DATA SUPPLIED -
▼

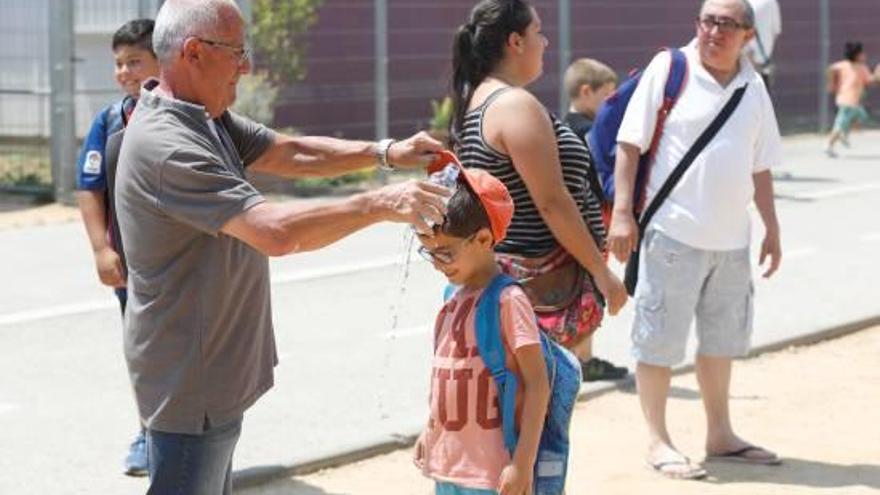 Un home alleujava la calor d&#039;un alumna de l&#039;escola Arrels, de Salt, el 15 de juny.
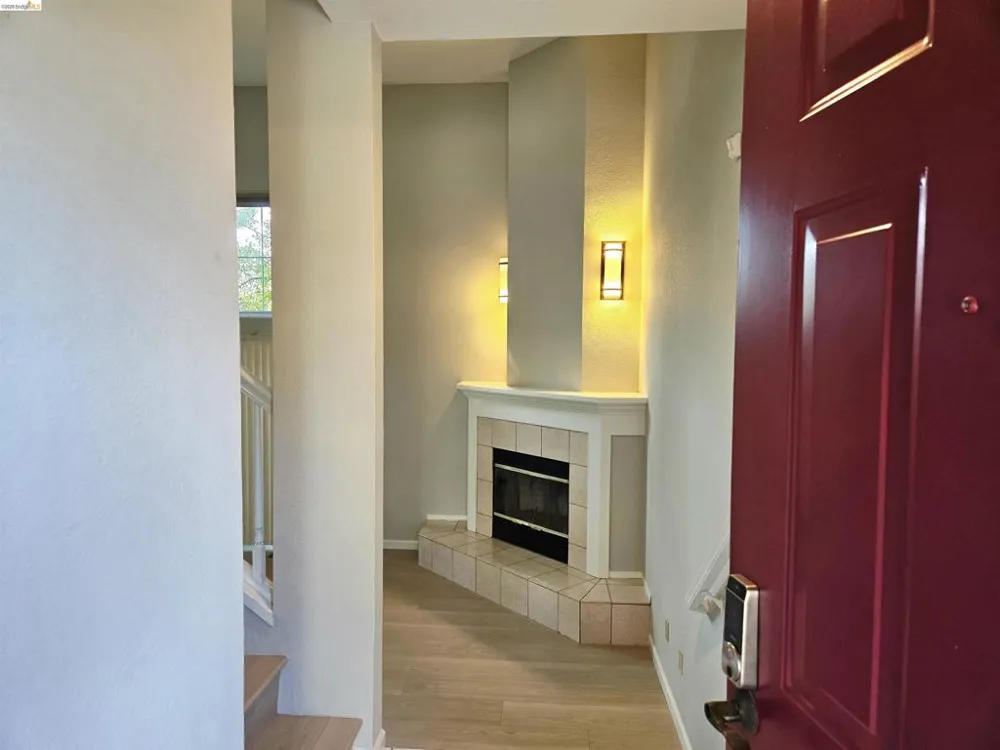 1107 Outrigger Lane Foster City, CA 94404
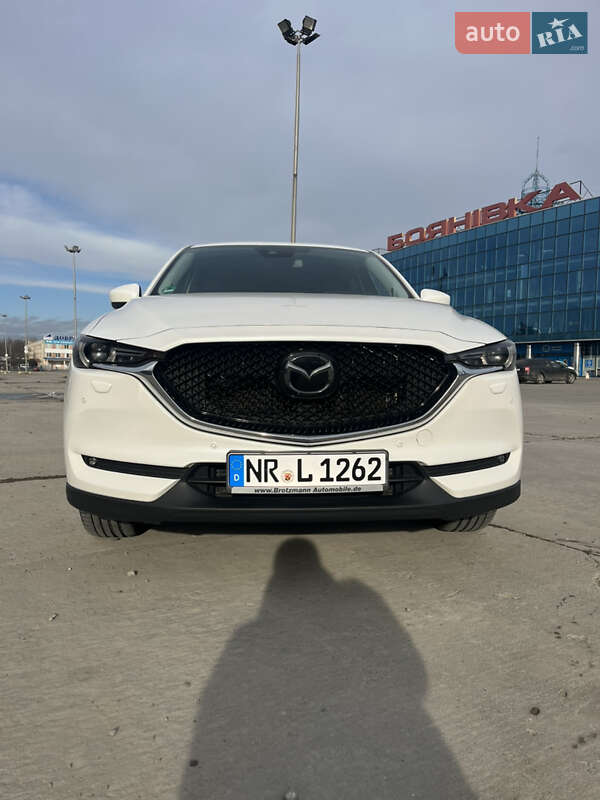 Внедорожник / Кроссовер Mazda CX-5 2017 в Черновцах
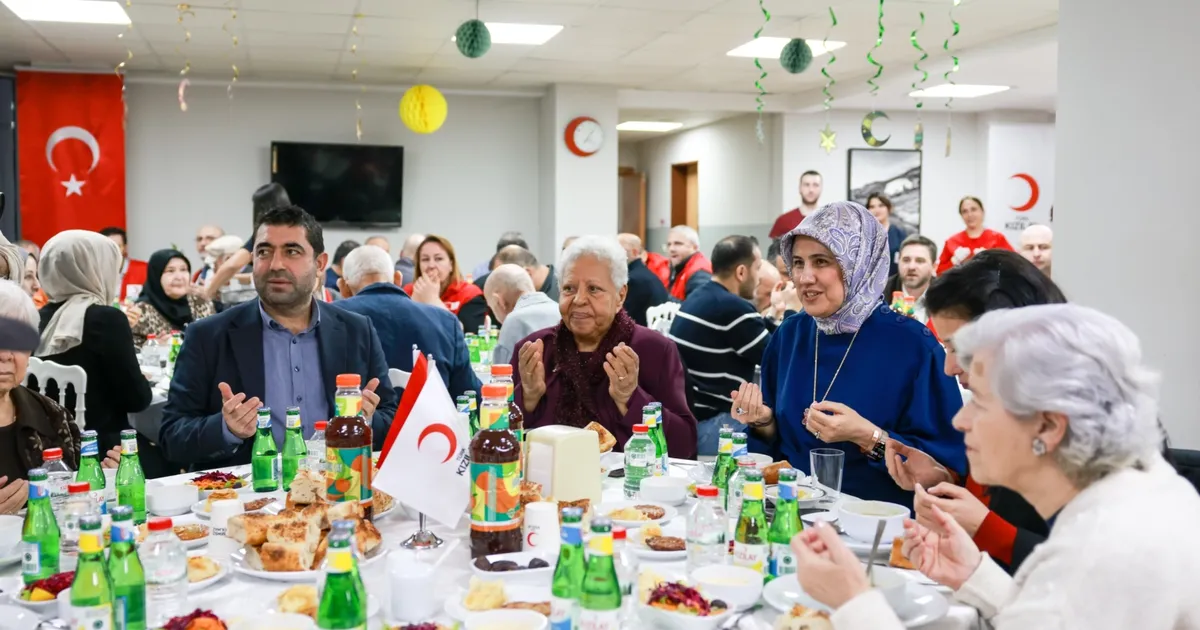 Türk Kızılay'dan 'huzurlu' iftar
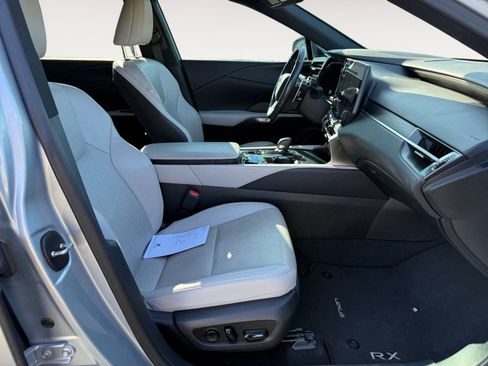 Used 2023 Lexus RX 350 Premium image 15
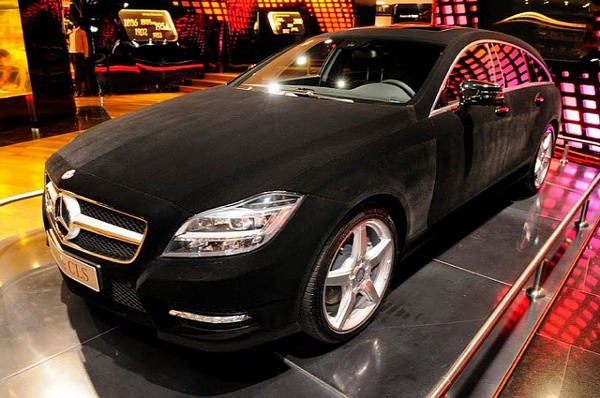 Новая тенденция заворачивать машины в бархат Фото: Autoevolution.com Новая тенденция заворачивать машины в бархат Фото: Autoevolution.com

▲
▼

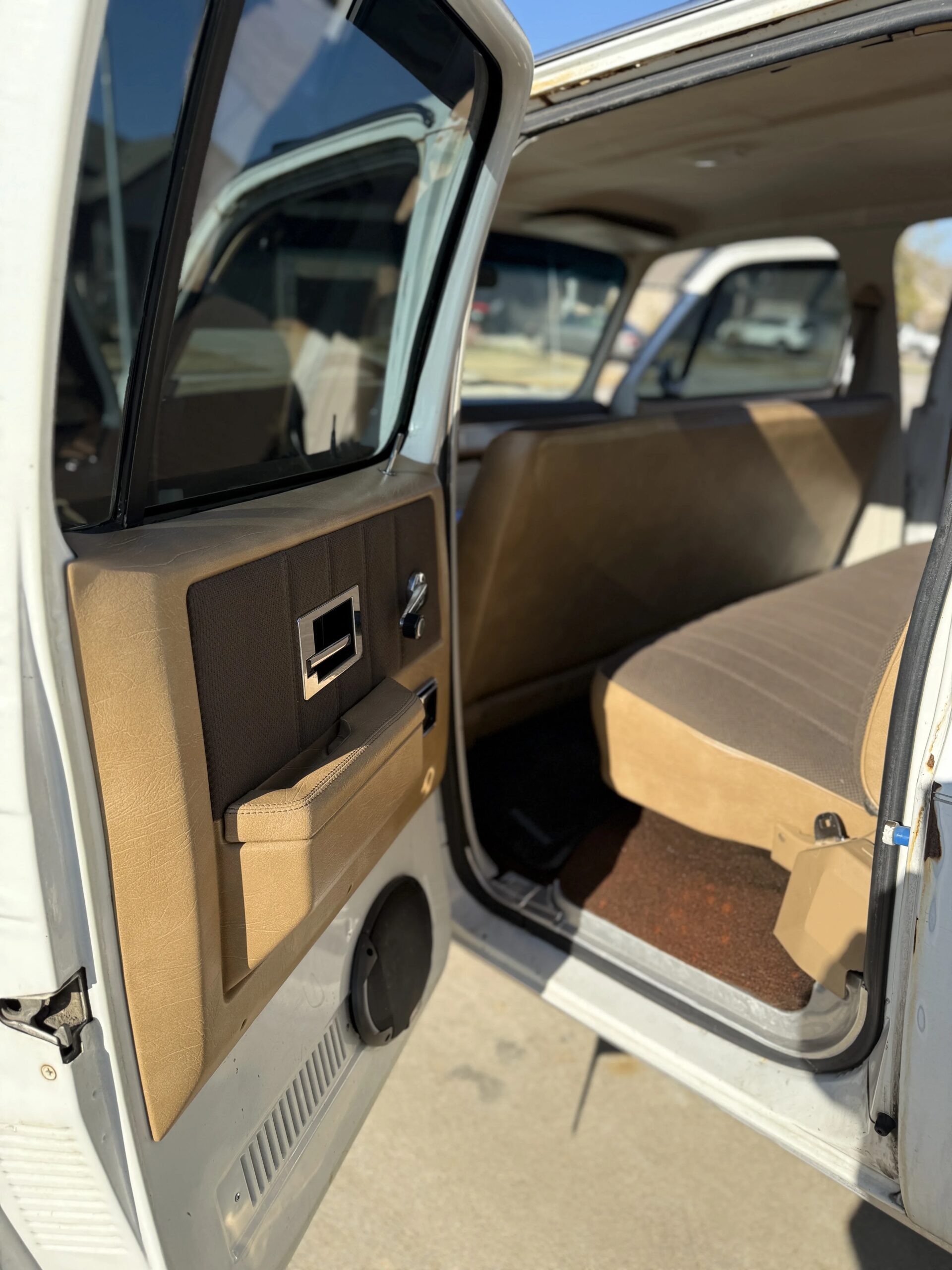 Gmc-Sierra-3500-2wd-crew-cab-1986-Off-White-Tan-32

▲
▼

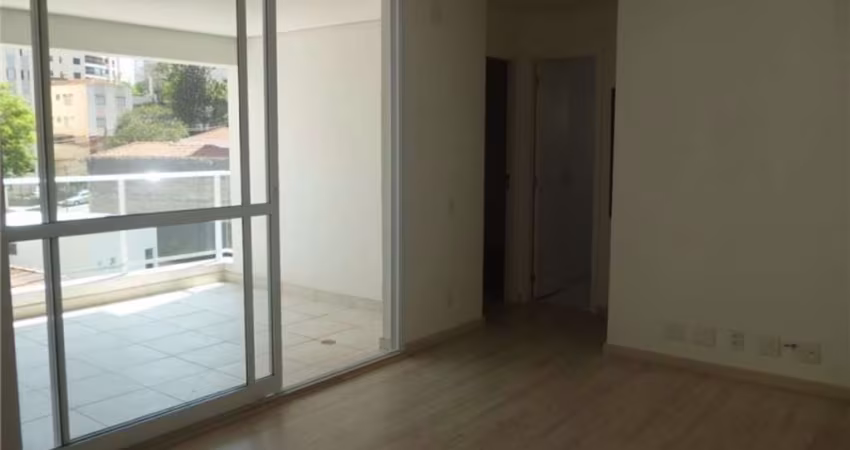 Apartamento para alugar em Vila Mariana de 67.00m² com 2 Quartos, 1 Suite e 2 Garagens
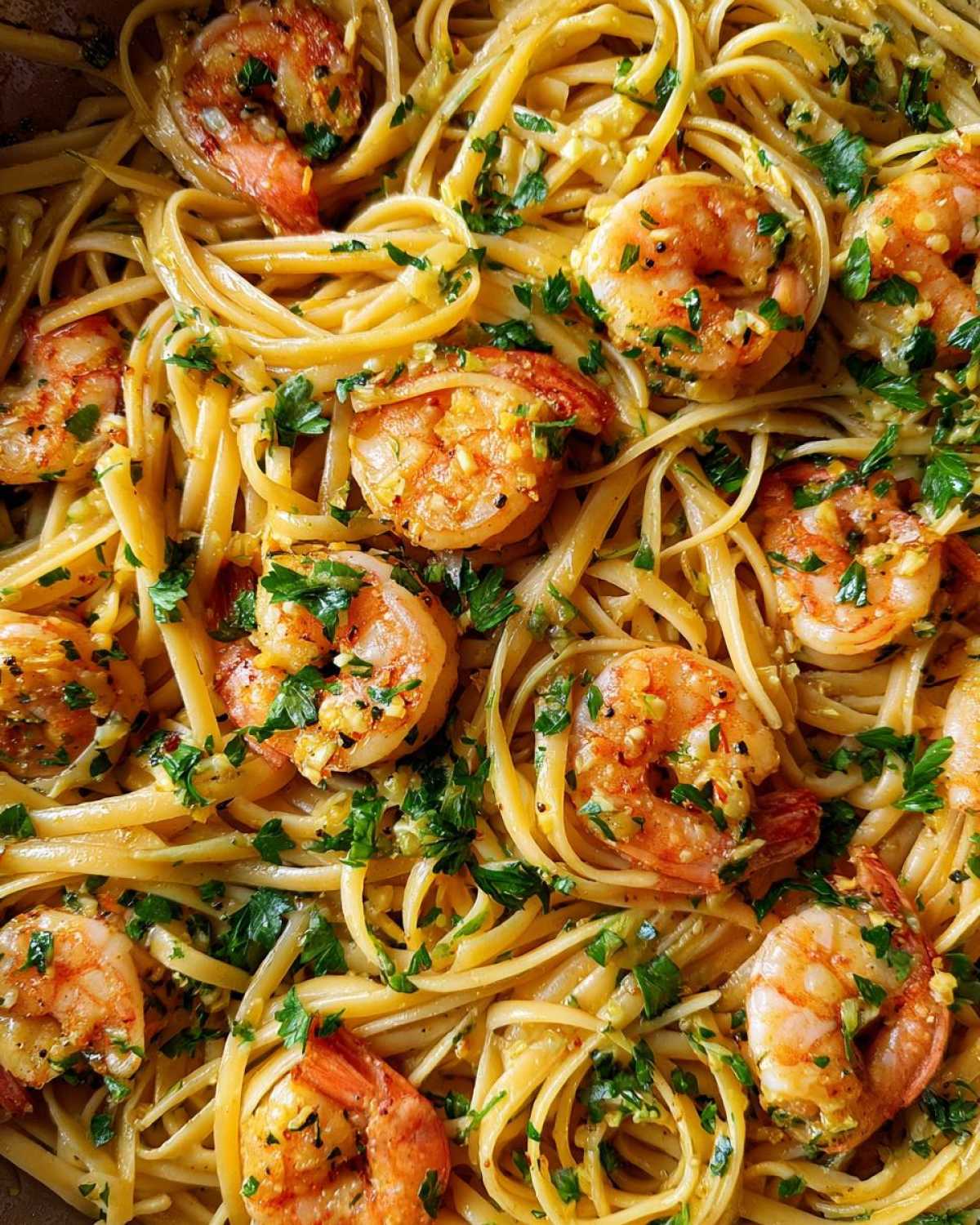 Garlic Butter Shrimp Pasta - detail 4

▲

Output exactly the lines above that lie between the line with "Внедорожник / Кроссовер" and the line with "Фото: Autoevolution.com Новая", those two lines included, and no pictures.

ANSWER BOX -
 Внедорожник / Кроссовер Mazda CX-5 2017 в Черновцах
 Türk Kızılay'dan 'huzurlu' iftar
 Used 2023 Lexus RX 350 Premium image 15
 Новая тенденция заворачивать машины в бархат Фото: Autoevolution.com Новая тенденция заворачивать машины в бархат Фото: Autoevolution.com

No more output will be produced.